Aim of the exercise: Repeat the entries below exactly. Begin with the first line and end with the line that contains "Vintage Salt pepper".

==*==

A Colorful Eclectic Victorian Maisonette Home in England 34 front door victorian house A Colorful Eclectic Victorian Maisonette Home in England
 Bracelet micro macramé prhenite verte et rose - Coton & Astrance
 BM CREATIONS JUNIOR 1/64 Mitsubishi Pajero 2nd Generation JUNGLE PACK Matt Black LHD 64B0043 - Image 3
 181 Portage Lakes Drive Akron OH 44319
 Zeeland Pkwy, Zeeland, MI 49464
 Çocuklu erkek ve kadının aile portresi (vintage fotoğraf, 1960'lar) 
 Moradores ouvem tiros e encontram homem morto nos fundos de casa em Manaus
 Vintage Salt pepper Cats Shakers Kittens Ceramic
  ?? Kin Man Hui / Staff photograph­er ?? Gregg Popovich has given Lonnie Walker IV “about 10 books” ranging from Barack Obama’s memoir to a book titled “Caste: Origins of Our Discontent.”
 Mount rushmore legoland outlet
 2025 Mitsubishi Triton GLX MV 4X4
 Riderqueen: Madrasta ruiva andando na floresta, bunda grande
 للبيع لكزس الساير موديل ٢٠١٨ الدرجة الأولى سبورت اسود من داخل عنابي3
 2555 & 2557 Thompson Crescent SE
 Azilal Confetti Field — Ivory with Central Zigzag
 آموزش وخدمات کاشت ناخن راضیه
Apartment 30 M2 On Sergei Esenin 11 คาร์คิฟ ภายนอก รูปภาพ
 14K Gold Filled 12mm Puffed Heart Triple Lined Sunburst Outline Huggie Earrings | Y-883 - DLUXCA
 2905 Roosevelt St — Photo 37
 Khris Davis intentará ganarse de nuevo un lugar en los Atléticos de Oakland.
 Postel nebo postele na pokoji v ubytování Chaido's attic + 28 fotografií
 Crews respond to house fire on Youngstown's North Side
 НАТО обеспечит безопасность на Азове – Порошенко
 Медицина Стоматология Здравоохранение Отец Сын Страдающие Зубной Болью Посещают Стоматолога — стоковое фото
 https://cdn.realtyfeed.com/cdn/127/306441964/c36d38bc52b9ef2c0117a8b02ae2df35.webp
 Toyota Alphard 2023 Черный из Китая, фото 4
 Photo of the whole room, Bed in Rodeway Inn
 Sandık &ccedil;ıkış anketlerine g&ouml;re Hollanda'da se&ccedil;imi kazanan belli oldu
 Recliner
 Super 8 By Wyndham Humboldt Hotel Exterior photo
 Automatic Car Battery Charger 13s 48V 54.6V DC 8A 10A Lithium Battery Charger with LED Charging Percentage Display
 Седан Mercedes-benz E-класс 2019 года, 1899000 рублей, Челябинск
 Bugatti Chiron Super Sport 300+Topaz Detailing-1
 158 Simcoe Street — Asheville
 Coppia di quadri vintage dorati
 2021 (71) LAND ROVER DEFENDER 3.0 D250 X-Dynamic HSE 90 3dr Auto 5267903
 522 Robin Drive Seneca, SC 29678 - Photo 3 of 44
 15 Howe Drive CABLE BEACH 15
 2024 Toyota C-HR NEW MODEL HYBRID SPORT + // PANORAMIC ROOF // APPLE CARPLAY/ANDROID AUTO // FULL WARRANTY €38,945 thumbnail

==*==

Response to the task:
A Colorful Eclectic Victorian Maisonette Home in England 34 front door victorian house A Colorful Eclectic Victorian Maisonette Home in England
 Bracelet micro macramé prhenite verte et rose - Coton & Astrance
 BM CREATIONS JUNIOR 1/64 Mitsubishi Pajero 2nd Generation JUNGLE PACK Matt Black LHD 64B0043 - Image 3
 181 Portage Lakes Drive Akron OH 44319
 Zeeland Pkwy, Zeeland, MI 49464
 Çocuklu erkek ve kadının aile portresi (vintage fotoğraf, 1960'lar) 
 Moradores ouvem tiros e encontram homem morto nos fundos de casa em Manaus
 Vintage Salt pepper Cats Shakers Kittens Ceramic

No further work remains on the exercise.